## [DIRECTIONS]
Return exactly the span of lines in the following data that opens with the line containing "Cherry Blossom in Nara" and closes with the line containing "Areál ski klubu". Include nothing else.

[Scraped caption text data]
---------------

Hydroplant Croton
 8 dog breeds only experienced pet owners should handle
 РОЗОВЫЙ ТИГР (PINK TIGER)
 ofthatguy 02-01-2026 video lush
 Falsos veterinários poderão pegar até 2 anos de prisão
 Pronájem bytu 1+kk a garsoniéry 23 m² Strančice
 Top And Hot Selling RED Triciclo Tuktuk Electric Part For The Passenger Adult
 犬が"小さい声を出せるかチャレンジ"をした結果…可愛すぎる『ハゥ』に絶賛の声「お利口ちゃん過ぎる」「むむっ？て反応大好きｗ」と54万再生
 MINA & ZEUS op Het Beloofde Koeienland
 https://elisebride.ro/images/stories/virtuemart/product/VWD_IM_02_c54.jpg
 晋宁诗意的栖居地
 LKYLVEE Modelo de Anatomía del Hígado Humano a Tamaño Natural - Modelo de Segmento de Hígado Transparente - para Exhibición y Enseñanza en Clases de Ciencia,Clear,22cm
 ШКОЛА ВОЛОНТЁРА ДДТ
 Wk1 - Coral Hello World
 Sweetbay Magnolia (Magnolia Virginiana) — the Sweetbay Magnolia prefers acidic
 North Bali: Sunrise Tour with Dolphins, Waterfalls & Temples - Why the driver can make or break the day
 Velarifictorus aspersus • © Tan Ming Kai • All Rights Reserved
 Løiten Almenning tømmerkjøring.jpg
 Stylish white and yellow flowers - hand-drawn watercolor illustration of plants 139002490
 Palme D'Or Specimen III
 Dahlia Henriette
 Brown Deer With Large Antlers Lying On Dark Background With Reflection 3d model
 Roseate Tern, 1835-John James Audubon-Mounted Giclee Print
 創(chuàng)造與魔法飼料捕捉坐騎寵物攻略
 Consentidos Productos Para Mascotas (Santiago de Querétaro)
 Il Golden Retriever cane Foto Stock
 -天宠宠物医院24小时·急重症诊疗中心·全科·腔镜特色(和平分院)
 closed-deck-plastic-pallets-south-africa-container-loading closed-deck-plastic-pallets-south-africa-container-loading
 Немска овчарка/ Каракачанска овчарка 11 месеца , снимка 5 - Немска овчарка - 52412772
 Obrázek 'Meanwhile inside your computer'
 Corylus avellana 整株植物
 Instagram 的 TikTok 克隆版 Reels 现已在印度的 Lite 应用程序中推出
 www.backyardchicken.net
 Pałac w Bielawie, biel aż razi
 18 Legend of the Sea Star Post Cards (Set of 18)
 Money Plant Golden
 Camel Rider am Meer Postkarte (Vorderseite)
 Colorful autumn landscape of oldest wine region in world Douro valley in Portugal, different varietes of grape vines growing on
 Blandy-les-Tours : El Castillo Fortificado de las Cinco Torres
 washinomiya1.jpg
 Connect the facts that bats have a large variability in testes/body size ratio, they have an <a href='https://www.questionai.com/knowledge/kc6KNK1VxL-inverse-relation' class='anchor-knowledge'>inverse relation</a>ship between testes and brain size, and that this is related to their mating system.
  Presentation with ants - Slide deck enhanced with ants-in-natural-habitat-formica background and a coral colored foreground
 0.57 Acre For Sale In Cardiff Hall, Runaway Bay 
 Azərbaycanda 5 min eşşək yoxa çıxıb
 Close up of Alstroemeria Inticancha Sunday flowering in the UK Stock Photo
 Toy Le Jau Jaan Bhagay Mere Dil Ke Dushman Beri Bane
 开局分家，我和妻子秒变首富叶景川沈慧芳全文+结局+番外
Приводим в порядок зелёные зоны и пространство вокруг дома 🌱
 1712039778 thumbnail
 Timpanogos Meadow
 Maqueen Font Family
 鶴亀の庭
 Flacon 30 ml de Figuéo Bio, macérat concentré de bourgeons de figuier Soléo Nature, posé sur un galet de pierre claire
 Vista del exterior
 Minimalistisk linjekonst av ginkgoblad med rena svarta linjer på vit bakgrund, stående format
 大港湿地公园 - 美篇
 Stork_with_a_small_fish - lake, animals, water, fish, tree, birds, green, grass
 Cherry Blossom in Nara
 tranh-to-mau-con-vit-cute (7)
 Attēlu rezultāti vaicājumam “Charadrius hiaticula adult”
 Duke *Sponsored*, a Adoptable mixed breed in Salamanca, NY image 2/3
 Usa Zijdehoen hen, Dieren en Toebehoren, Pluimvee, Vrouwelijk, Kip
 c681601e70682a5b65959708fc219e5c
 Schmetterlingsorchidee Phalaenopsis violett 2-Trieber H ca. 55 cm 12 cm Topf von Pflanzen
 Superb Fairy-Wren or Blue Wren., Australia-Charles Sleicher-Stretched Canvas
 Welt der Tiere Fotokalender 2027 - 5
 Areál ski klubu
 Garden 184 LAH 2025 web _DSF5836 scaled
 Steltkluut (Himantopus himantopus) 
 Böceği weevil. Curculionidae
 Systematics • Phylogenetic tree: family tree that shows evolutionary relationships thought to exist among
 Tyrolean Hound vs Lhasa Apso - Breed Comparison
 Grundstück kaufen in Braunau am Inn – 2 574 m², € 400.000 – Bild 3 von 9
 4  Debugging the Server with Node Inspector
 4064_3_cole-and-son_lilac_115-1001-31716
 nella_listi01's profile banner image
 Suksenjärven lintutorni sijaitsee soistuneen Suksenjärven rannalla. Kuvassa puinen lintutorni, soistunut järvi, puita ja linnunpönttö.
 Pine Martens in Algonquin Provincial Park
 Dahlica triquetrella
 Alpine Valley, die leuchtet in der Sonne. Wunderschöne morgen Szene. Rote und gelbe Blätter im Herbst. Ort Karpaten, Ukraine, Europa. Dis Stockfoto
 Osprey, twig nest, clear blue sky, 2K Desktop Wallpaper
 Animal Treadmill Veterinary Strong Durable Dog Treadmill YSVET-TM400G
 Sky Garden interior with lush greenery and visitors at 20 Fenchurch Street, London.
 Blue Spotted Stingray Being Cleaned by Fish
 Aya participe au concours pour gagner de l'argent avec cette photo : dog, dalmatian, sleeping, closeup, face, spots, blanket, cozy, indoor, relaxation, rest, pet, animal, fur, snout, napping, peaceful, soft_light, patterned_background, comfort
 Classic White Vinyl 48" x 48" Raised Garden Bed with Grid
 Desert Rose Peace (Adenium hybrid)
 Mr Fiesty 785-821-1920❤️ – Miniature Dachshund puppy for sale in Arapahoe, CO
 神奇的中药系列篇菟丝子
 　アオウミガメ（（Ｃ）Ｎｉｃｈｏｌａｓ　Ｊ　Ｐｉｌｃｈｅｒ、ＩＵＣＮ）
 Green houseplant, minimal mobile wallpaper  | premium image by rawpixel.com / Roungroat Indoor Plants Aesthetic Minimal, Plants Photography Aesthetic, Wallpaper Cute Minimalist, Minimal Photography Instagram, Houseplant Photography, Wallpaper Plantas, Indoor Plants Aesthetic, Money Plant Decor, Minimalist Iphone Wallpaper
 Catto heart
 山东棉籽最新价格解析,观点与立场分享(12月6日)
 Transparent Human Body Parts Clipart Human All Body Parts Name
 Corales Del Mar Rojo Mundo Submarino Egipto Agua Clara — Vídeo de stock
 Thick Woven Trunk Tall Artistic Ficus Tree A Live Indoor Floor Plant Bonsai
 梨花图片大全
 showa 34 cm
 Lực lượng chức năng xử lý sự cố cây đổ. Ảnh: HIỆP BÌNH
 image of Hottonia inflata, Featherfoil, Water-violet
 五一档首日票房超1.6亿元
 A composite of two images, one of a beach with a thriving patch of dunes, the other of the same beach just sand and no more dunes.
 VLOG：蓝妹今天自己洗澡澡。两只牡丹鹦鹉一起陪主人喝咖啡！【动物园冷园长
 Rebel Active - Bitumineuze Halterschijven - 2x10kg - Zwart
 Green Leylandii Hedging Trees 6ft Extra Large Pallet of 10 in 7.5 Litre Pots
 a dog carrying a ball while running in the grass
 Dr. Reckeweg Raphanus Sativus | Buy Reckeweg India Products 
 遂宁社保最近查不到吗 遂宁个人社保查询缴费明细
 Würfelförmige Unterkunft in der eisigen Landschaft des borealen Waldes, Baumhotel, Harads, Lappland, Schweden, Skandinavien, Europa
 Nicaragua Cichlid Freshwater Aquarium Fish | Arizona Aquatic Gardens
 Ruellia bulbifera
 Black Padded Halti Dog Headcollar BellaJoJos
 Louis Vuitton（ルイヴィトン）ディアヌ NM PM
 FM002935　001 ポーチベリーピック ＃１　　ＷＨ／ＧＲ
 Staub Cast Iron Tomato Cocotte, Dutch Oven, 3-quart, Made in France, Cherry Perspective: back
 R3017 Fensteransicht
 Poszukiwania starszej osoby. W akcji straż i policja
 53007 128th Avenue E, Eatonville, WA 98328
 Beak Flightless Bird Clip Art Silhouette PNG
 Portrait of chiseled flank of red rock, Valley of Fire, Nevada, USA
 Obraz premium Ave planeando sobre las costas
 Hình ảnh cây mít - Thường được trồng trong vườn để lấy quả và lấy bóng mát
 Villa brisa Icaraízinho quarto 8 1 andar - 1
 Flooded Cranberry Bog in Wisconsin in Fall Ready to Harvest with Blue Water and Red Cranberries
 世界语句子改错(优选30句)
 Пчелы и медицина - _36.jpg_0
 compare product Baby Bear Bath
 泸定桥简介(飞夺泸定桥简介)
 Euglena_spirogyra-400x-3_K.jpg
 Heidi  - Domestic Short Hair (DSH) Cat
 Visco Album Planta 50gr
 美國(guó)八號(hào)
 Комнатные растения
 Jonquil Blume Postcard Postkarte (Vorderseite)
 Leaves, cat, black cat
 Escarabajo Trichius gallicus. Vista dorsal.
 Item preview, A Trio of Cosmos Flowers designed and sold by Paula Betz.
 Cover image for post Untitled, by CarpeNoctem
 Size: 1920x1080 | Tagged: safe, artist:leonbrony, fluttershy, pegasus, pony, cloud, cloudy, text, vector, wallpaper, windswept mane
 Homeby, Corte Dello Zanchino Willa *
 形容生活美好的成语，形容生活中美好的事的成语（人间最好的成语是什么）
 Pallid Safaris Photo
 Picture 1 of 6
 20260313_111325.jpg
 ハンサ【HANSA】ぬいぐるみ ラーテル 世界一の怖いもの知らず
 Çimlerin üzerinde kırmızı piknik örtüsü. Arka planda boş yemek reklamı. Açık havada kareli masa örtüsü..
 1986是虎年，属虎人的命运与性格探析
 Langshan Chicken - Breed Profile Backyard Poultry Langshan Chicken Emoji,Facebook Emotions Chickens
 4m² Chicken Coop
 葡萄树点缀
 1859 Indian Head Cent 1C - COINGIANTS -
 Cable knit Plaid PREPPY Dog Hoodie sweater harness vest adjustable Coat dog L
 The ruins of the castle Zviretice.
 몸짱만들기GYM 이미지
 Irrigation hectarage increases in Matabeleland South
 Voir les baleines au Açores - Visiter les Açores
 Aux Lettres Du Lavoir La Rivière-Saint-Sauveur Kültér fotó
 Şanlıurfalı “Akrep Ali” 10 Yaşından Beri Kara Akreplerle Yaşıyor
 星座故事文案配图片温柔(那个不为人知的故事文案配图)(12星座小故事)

---------------

## [ANSWER AREA]
 Cherry Blossom in Nara
 tranh-to-mau-con-vit-cute (7)
 Attēlu rezultāti vaicājumam “Charadrius hiaticula adult”
 Duke *Sponsored*, a Adoptable mixed breed in Salamanca, NY image 2/3
 Usa Zijdehoen hen, Dieren en Toebehoren, Pluimvee, Vrouwelijk, Kip
 c681601e70682a5b65959708fc219e5c
 Schmetterlingsorchidee Phalaenopsis violett 2-Trieber H ca. 55 cm 12 cm Topf von Pflanzen
 Superb Fairy-Wren or Blue Wren., Australia-Charles Sleicher-Stretched Canvas
 Welt der Tiere Fotokalender 2027 - 5
 Areál ski klubu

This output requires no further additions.